He took Zimbabwe to the World Cup, then walked away

Tinashe Kusema

Zimpapers Sports Hub

THERE is a moment most athletes never speak about, the one that settles quietly in the body before it ever reaches the mind, and when it does, it does not ask for permission, it simply presents a truth that cannot be ignored.

For Brian Makamure, that moment arrived at the peak, just after Zimbabwe had done what had felt distant for years — qualifying for the Rugby World Cup — a collective achievement that would have been enough for most players to hold on a little longer.

For him, it became something else.

“Loud, proud and contagious,” he says, smiling.

That energy has followed him everywhere, from the front row where space is tight and every second is a collision, to the dressing room, where he has always found a way to lift the mood, to carry a group through tension, to remind teammates why they started in the first place.

In a sport that demands control and structure, Makamure brought something human into it, a presence that made the work lighter without ever taking away from its seriousness.

For more than a decade, he has been part of Zimbabwe rugby’s spine, not just as a prop who did the hard work upfront, but as a constant in a system that has rarely offered that kind of stability.

Since making his Sables debut in 2012, Makamure stayed, season after season, through years when the team struggled to hold shape, when players came and went, when the game asked more than it gave back.

He remained and that consistency, in the context of Zimbabwe rugby, carries weight.

He leaves as the only Zimbabwean to have lifted the Africa Cup three times, first in 2012 and then again in 2024 and 2025, seasons that have come to define a renewed belief around the Sables, a sense that the team is no longer just competing but beginning to understand what winning looks like again.

He was there when it was uncertain, and he was there when it finally aligned.

There are memories that stay with players long after the noise fades.

For Makamure, one of them is not a final or a trophy lift, but a grind of a game in the Africa Cup, deep into the second half, bodies heavy, the scrum resetting again and again, each push feeling like it could decide everything.

Those are the moments front rowers live in, where there is no space for celebration, only pressure, only the next hit, only the demand to hold your ground when everything in you is asking for a breath.

That is where careers like his are built.

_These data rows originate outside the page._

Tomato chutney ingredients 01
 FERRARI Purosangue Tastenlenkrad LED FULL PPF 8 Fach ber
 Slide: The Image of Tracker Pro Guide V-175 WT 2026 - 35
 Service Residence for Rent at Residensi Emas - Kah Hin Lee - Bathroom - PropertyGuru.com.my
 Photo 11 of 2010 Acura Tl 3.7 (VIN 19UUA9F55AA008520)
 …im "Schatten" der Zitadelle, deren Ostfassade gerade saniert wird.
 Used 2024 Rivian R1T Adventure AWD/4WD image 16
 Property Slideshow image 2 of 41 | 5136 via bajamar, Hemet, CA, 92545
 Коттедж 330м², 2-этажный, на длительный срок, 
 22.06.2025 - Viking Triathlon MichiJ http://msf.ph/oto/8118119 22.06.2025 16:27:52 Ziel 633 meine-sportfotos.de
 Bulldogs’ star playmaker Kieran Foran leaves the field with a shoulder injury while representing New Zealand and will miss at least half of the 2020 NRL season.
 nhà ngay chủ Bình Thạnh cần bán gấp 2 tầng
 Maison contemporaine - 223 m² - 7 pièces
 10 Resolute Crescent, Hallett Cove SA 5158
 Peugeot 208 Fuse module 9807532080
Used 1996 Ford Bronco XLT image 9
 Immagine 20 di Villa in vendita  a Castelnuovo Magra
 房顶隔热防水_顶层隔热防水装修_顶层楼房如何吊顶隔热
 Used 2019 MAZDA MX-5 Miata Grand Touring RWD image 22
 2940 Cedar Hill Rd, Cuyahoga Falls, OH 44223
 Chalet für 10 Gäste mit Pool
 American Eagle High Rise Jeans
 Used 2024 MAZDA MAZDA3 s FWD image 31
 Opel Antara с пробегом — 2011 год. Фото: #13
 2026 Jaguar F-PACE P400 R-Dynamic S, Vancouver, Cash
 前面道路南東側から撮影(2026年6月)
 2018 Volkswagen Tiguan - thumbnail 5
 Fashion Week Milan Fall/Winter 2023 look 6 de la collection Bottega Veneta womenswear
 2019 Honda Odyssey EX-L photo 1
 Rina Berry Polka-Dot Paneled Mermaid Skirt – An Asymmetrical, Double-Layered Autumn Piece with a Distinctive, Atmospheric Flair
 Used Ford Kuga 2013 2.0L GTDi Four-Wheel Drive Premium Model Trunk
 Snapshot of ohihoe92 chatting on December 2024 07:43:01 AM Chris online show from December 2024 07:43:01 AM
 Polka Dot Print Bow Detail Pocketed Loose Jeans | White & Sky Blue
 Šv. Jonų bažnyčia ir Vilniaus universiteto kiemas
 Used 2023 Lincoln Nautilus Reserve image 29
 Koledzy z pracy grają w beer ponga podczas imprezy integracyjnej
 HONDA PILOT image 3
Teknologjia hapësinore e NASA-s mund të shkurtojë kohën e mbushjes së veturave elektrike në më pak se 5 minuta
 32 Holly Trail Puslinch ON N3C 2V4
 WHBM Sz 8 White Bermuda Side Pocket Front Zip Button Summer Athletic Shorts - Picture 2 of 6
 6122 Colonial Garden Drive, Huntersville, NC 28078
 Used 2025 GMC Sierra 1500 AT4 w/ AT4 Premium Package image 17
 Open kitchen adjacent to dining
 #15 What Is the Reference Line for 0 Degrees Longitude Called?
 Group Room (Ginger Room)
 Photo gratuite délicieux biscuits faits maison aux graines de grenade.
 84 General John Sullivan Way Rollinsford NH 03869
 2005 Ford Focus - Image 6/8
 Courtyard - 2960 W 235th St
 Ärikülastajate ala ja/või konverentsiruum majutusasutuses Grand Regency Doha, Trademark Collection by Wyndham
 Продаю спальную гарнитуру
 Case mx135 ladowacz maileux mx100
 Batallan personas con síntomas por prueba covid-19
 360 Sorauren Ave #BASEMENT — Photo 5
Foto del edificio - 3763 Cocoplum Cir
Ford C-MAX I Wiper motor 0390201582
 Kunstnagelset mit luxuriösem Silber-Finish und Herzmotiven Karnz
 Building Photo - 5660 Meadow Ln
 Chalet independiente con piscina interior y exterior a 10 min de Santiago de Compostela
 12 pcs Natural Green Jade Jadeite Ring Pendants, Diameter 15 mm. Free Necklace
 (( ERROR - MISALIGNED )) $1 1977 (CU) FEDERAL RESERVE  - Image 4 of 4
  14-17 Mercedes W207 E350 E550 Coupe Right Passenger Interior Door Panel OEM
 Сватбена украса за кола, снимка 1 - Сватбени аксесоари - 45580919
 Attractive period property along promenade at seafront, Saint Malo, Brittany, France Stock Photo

“From the many highs of my career, I think the big one is being able to represent my country for as long as I have,” he says, his voice steady.

“That in itself is not easy. But if I have to pick one, it would be helping Zimbabwe qualify for the World Cup. That is enough for me.”

It is a simple line, but it carries finality.

The World Cup is the dream that sits above everything else, the stage that defines careers, the place where you measure yourself against the best.

He helped take Zimbabwe there. He just will not be the one to walk out when it begins.

That decision sat with him longer than he lets on.

“The decision to retire was not an easy one,” he says. “There was a lot of thought, a lot of introspection.”

“After we qualified, you start asking yourself if you can push for two more years, if you can fight for a place in the squad. That is the dream for every sportsman.”

At 35, with the demands of a front row career behind him, the questions became harder to ignore.

Recovery shifts. The margins tighten. The difference between being in the starting group and being part of the wider squad begins to touch identity.

He was not interested in holding on for the sake of it.

“There were a lot of considerations about my effectiveness,” he says. “I did not want to be someone who is just making the squad and coming off the bench. I wanted to be in the thick of things, contributing on the front line.”

That clarity shaped everything that followed.

The conversations with family, with teammates, with himself, the quiet moments away from the field where decisions like this are made without noise or audience, the kind that settle over time until they feel right.

“It took a lot of prayer,” he says. “That is where I found peace with it.”

So he stepped away, not pushed out, not forced by injury or form, but by choice, by an understanding of his own standards and a refusal to fall below them.

Zimbabwe now move into a World Cup cycle with something they have not carried for a long time, momentum that feels real, built on back-to-back continental titles and a group that has begun to understand the demands of winning consistently.

At the same time, the next phase brings a different kind of test, one that stretches beyond the continent into opposition that will expose every gap.

Makamure will not be in the front row when that happens, but he has not walked away from the team.

Zimbabwe’s immediate focus shifts to the World Rugby Nations Cup, where they will face Tonga, England and Wales, fixtures that offer a clear measure of where the team stands and what lies ahead.

Makamure watches that with the same honesty that shaped his own decision.

He still speaks like a player inside the group, still processes the game through preparation, through detail, through the small edges that decide outcomes.